Third, territorial disputes. Each of the numerous disputes afflicting Asia needs to be patiently and constructively addressed, principally by adherence to international law and mutual accommodation. The resolution of the maritime disputes in the East and South China Sea is essential. But it would be counterproductive to try and secure solutions by attempting to ‘isolate’ China.

South Asia also requires strategic attention. The festering dispute over Kashmir and the ongoing Indo-Pakistan conventional and nuclear arms race, in combination, have created the most dangerous nuclear flashpoint in the world today. The nuclear negotiations with Iran can produce a durable solution only if a broad strategic understanding is achieved involving Saudi Arabia and other West Asian powers.

North Korea’s erratic behaviour requires patient management and reassurance regarding regime survival. The six-power forum is also a good vehicle to stabilise the complex relationships in Northeast Asia.

Ironically, combating terrorism provides a promising basis for cooperation among almost all Asian powers. The Muslim world is particularly affected by this phenomenon. But, counterterrorism can succeed only if there is willingness to address the root causes of terrorism. These causes are different in each area; but they are all political in nature. Among these causes are the visible instances of the suppression of Muslim peoples, as in Palestine and Kashmir.

Fourth, trade and development. The recent global financial crisis has led to a visible reversal of globalisation and a revival of state mercantilism. The creation of trade blocs that attempt to exclude China or other major economies will retard progress and exacerbate political and military rivalries. It is vital to re-launch global efforts for trade, financial and services liberalisation through the World Trade Organisation and the UN. Technological progress now offers the possibility, including in the field of energy, to enhance production, consumption and growth on a universal and sustainable basis. Despite the recent slowdown, Asia will continue to be the world economy’s central dynamo.

Fifth, ideology. Now that capitalism has been universally embraced, it is the promotion of democracy and human rights that has become the rallying cry for the West. Democracy versus authoritarianism is the new ideological divide. Realising the common good will have to be achieved by each country and society according to its own circumstances. Attempts to impose Western concepts and practices will continue to be resisted by most Asian powers, promote instability and provoke confrontation.

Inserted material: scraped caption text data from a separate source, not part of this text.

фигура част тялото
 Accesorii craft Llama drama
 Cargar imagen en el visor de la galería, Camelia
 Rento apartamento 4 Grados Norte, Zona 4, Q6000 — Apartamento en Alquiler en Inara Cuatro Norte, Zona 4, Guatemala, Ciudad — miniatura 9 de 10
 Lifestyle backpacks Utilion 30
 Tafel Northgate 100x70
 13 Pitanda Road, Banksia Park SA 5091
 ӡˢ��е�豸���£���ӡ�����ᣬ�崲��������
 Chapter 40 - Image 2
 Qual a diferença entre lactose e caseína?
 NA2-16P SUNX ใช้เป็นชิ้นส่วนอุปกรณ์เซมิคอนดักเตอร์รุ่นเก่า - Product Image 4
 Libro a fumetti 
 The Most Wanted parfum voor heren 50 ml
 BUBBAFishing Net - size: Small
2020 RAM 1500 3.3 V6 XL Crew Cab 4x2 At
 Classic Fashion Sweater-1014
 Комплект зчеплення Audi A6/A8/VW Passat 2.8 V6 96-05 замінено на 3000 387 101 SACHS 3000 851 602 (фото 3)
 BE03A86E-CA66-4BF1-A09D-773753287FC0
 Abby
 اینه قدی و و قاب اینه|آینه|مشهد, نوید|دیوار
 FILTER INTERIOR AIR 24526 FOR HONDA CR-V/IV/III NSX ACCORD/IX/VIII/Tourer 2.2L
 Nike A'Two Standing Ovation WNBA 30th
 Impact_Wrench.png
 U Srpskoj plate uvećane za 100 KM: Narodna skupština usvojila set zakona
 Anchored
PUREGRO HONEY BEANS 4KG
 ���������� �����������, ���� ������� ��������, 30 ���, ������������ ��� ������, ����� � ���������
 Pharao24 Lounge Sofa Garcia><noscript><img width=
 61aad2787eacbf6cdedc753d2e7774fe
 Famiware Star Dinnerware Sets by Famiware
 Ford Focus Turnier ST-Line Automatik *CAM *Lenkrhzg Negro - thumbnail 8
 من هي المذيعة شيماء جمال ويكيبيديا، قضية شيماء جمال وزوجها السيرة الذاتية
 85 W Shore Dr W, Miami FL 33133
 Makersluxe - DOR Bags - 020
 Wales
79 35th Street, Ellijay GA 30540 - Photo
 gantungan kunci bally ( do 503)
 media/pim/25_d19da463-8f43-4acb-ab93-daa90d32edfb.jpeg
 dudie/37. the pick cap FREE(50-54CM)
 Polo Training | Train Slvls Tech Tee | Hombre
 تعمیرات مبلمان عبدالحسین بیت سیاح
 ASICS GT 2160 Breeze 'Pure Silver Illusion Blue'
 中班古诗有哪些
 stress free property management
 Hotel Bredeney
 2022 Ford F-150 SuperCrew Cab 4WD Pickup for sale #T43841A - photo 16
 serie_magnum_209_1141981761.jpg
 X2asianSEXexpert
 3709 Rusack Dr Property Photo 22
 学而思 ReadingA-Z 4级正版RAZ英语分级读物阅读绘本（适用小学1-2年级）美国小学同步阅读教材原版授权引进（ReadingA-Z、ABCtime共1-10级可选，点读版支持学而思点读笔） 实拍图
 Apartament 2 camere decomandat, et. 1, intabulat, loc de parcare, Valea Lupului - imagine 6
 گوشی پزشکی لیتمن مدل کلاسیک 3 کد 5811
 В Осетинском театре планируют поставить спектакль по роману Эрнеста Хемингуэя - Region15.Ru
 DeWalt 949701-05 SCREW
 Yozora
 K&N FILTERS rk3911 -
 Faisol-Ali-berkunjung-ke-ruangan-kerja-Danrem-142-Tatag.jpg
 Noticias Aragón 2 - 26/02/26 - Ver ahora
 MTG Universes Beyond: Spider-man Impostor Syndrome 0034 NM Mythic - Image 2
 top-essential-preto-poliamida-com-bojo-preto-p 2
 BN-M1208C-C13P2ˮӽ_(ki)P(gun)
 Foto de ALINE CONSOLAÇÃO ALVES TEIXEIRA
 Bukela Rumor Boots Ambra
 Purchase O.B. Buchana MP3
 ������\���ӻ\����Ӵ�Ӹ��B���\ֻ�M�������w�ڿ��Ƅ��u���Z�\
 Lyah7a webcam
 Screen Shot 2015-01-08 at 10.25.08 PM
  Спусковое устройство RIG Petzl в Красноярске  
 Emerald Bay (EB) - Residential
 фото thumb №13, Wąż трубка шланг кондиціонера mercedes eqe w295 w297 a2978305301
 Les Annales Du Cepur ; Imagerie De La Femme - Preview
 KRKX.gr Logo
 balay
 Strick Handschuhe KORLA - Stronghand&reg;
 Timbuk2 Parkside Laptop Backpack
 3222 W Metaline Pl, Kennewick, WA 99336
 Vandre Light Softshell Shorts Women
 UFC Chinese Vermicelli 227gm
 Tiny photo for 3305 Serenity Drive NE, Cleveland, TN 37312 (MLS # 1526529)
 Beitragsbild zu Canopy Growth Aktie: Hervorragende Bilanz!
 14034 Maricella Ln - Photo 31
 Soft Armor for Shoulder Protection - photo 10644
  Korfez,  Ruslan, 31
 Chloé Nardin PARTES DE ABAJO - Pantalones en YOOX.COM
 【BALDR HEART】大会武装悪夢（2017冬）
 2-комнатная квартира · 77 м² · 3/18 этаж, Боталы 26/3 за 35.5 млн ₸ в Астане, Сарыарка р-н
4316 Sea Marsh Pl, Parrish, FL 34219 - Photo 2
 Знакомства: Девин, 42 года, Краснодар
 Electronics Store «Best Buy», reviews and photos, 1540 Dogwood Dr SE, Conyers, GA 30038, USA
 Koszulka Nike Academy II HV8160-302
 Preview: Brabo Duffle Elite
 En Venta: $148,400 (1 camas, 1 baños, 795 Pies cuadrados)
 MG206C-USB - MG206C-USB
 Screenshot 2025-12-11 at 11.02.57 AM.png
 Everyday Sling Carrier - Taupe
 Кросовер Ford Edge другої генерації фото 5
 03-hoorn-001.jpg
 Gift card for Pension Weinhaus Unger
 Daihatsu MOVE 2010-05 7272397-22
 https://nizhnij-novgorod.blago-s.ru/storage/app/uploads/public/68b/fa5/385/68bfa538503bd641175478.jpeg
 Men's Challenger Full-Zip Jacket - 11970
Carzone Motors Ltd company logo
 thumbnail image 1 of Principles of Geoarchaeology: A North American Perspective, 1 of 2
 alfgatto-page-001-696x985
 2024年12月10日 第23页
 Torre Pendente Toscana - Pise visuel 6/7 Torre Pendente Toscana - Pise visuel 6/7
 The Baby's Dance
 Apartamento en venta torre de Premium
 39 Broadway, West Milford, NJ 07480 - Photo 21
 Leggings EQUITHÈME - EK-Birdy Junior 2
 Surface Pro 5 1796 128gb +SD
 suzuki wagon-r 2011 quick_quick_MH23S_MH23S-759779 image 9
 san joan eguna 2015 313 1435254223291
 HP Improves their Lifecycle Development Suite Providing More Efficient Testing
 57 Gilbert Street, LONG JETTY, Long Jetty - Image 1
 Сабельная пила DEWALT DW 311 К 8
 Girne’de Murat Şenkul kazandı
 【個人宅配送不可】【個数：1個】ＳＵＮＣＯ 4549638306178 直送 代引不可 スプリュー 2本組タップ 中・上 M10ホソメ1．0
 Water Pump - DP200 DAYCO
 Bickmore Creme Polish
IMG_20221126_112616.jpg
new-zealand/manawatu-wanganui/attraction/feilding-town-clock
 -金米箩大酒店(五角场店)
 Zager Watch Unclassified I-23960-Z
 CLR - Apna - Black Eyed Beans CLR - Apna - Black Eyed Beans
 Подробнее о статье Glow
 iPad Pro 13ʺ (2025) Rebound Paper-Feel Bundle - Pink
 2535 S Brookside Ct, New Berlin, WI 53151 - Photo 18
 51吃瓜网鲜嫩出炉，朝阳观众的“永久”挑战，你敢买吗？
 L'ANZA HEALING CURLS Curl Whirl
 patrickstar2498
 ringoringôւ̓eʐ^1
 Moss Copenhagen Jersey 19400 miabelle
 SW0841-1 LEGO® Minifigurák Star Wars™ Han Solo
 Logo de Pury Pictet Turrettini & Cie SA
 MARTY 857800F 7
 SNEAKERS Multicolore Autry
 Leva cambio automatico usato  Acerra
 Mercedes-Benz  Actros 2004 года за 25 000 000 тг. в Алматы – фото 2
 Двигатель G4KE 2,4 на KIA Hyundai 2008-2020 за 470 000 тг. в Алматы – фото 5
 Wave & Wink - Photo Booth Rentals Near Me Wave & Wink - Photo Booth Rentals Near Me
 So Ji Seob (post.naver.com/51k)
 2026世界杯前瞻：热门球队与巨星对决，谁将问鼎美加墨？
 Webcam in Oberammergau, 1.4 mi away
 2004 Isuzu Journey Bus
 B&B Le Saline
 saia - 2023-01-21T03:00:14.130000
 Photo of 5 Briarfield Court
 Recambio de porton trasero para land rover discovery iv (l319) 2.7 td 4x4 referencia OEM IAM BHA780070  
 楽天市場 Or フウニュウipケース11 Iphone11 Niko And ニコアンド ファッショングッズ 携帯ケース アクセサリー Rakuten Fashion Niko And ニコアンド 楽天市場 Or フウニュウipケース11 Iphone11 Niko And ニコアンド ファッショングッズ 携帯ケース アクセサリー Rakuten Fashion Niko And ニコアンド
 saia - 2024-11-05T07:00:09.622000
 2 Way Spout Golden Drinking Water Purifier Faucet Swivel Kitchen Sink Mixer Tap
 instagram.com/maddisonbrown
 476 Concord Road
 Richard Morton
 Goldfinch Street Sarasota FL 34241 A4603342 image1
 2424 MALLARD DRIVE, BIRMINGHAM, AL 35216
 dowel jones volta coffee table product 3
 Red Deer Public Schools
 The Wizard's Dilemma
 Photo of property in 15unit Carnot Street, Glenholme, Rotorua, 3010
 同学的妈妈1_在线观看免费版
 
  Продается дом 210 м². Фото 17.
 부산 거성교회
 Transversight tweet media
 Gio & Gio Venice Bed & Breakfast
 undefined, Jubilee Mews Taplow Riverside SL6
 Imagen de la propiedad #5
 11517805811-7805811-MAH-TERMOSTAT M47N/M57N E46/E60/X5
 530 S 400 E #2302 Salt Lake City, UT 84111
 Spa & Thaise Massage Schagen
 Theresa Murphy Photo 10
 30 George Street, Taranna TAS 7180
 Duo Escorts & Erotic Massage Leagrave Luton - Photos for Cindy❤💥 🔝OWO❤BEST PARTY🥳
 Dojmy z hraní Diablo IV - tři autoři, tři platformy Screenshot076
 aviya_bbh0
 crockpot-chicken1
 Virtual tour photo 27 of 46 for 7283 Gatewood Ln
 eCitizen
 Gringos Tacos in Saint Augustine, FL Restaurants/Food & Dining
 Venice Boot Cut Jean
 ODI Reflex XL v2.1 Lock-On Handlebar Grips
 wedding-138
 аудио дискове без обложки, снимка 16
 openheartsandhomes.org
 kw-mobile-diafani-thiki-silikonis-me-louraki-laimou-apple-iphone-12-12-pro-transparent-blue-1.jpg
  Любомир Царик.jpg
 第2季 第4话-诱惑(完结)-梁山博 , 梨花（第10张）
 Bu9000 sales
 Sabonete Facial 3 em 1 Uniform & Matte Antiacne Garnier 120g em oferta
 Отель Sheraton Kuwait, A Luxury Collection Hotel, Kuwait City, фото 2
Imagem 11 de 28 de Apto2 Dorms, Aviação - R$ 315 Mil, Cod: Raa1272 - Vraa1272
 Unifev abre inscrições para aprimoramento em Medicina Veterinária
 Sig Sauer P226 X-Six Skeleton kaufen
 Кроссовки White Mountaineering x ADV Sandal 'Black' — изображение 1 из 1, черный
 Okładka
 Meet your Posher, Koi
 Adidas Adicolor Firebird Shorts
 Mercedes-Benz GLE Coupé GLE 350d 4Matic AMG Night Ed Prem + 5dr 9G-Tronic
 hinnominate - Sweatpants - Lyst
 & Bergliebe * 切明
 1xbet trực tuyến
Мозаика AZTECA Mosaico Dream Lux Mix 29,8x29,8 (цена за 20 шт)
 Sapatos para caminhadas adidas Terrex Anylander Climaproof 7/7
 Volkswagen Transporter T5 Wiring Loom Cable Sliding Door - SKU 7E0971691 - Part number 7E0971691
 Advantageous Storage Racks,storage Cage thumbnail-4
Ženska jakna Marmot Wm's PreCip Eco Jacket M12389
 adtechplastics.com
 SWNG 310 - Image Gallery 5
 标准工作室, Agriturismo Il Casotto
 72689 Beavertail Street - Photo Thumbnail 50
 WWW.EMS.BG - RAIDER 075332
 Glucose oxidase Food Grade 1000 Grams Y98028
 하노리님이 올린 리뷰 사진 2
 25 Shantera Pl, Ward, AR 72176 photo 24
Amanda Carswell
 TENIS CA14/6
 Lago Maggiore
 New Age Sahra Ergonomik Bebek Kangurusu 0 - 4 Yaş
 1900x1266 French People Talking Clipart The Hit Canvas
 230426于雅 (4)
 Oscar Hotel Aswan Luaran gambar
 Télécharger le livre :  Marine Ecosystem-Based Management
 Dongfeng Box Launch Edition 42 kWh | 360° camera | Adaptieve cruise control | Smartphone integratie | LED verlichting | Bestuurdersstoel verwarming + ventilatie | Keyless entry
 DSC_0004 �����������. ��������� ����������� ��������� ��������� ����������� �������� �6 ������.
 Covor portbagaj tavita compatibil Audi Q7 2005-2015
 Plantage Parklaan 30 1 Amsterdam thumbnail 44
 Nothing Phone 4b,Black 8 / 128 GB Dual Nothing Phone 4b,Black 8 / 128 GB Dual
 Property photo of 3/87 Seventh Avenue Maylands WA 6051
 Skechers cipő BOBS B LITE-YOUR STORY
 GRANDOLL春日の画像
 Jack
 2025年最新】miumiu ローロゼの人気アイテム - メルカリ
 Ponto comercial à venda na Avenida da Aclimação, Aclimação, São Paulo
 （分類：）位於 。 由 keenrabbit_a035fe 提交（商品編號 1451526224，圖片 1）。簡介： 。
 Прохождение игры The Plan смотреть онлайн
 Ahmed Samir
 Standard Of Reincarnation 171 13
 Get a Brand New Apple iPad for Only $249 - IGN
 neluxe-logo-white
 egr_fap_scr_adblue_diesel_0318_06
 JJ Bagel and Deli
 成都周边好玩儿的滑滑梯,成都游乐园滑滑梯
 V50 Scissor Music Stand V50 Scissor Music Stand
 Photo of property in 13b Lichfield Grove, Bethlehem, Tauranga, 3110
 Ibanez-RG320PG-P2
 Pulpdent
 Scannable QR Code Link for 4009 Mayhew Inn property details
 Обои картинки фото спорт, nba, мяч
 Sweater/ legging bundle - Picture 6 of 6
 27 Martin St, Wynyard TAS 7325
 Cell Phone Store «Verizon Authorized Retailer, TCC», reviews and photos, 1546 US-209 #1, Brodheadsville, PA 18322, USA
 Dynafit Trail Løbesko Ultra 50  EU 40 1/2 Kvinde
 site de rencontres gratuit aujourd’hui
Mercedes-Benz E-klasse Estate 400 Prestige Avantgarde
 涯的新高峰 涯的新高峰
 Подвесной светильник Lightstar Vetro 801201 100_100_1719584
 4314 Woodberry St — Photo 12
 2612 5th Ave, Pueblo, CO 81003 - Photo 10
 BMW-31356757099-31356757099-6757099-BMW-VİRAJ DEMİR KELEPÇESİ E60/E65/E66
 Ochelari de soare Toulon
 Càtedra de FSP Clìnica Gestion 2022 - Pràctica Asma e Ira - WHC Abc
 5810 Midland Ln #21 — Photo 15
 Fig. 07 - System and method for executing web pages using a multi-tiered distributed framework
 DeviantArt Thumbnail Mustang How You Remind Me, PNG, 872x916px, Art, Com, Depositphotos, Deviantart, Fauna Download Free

Last, like other regions, Asia can benefit from effective institutions of cooperation. The institutions created after the Second World War — the UN Security Council, the IMF and World Bank — are now outdated and need to be restructured to reflect current realities, particularly those in Asia. Asia also needs to create its own region-wide economic and political organisations — such as Europe’s OECD and the OSCE — to build cooperative security and prosperity.

By MUNIR AKRAM; a former Pakistan ambassador to the UN.